I created a workflow to process dat and xls files (merge and reformat data). The input consist of 2 files which I select using 2 file reader nodes. say:
feed1_ddmmyyyy.dat
feed2_ddmmyyyy.xml
I have scheduled the workflow using bat file and Windows scheduler to run daily.
Because the input feeds arrives on a daily basis with different timestamp (i.e feed_1_14/08/2021), it is not possible to run the workflow automatically.
Is it possible to recognize input name in knime based on letters only without the date so that the automation will work?

thanks!

Hi @Sharon_c

You can use the List Files / Folder node, and use the “Filter options” to make the selection without the date.
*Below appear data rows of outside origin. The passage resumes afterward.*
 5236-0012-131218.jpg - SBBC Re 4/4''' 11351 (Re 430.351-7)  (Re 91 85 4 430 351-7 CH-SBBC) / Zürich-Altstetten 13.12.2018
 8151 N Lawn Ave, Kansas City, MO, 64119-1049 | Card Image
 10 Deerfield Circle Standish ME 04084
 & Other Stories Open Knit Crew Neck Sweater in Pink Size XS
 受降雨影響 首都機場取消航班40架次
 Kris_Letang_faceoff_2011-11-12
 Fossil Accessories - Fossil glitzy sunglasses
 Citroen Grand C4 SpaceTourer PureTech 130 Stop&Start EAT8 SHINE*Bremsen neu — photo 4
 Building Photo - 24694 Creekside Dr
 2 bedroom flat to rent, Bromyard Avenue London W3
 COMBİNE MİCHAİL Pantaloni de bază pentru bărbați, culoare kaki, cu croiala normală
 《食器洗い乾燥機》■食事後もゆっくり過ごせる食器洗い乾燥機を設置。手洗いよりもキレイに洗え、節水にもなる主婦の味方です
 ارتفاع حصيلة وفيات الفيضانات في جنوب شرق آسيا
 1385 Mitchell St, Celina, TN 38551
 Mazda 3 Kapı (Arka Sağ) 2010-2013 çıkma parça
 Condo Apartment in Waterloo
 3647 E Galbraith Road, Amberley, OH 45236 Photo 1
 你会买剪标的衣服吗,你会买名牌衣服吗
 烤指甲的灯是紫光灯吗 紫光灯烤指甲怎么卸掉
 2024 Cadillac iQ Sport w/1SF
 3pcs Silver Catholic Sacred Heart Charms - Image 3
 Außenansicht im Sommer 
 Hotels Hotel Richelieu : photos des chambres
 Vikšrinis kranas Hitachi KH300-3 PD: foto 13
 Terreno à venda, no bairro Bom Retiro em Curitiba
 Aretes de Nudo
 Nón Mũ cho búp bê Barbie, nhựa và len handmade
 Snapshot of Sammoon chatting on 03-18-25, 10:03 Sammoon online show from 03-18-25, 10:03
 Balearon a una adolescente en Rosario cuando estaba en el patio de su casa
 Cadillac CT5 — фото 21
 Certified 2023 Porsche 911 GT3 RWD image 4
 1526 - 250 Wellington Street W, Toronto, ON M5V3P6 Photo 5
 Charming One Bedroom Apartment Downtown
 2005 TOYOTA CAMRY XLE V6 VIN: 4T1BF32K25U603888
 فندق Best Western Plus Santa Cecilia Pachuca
Then you feed the filename as a flow variable in the File Reader node.

gr. Hans

2 Likes

Hi @Sharon_c , there seems to be some inconsistencies in what you are presenting.

  1. You mentioned processing “dat and xls”, but the sample file names you gave are of type dat and xml.
  2. Your sample file is of format feed1_ddmmyyy, but the example you gave is feed_1_14/08/2021, which is of format feed_1_dd/mm/yyyy, although in your screenshot, you are using feed1_ddmmyyy

It becomes a bit difficult to provide a solution when we can’t tell what format the filename and filetype is, without making assumptions on our part.

The assumptions I will make are:

  1. File types are .dat and .xml. I chose .xml instead of .xls, because the File Reader would be able to open an xml file, but not an xls file.
  2. Date format is ddmmyyyy since that’s what it shows in the screenshot.

To answer your question, the File Reader unfortunately does not accept wildcards for file names, so you have to specify the exact full path of the file.

A side question: In the event that File Reader could read wildcards (like feed1_* for example), what happens to the files after all the process is done? If the files are not moved or renamed, the next time the workflow runs, it will re-process these files again.

You can control what file to Read. There are a few ways to do this.
If it’s just a question of getting the date, you can get the current date and then build the file names based on the current date, and then build your file path using that date.

Here’s a quick sample:
image

I generate a dateString variable containing today’s date:
image

I have a base filepath:
image

And I generate the paths for the .dat and the .xml files:
image

Another alternative is to use the List Files/Folders node. Here, there are a few different options.
Option 1: You can filter by file name with wildcard directly within the List Files/Folders:


You’d use this if you had different file names in the folder, and wanted to process only files with filenames starting with “feed1_”.

However, if you wanted to filter feed1_<current_date> among the other feed1_* files, then you cannot use this option as it is, which leads to option 2 below.

Option 2: This is still about using the List Files/Folders, but filtering on specific files. There are actually 2 sub-options here, but both would involve building the filepath using the current date, and you go about it the same way that I showed above building the dateString. After that:
2a: You can point to a variable containing the filepath directly in the List Files/Folders:


image

2b: You can filter via a Rule Engine or Rule-based Row Filter after the List Files/Folders:
For example, let’s say I have yesterday’s and today’s files in the folder, and I only want today’s files:
image

After filtering:
image

This option gives you a bit more flexibility in that you can do different filtering and not be limited by the options of the List Files/Folders node.

I give you a workflow that has both alternatives:
Input files.knwf (31.7 KB)

3 Likes

hi,
thanks for the detailed respond!

  1. It’s dat and xls- sorry for the confusion.
  2. The dates that are related to the files are not Today- usually dates are Yesterday but not always. on weekend, dates are 3 days back. File names (not including dates) are injective Therefore, I’m trying to use the wildcard solution… currently with no success…
    Where can I find the “List Files\Folders” node? only List folders node and List Files node are available in the repository.

Thanks,
Sharon.

Thanks! I have managed to complete the workflow successfully.

1 Like

This topic was automatically closed 7 days after the last reply. New replies are no longer allowed.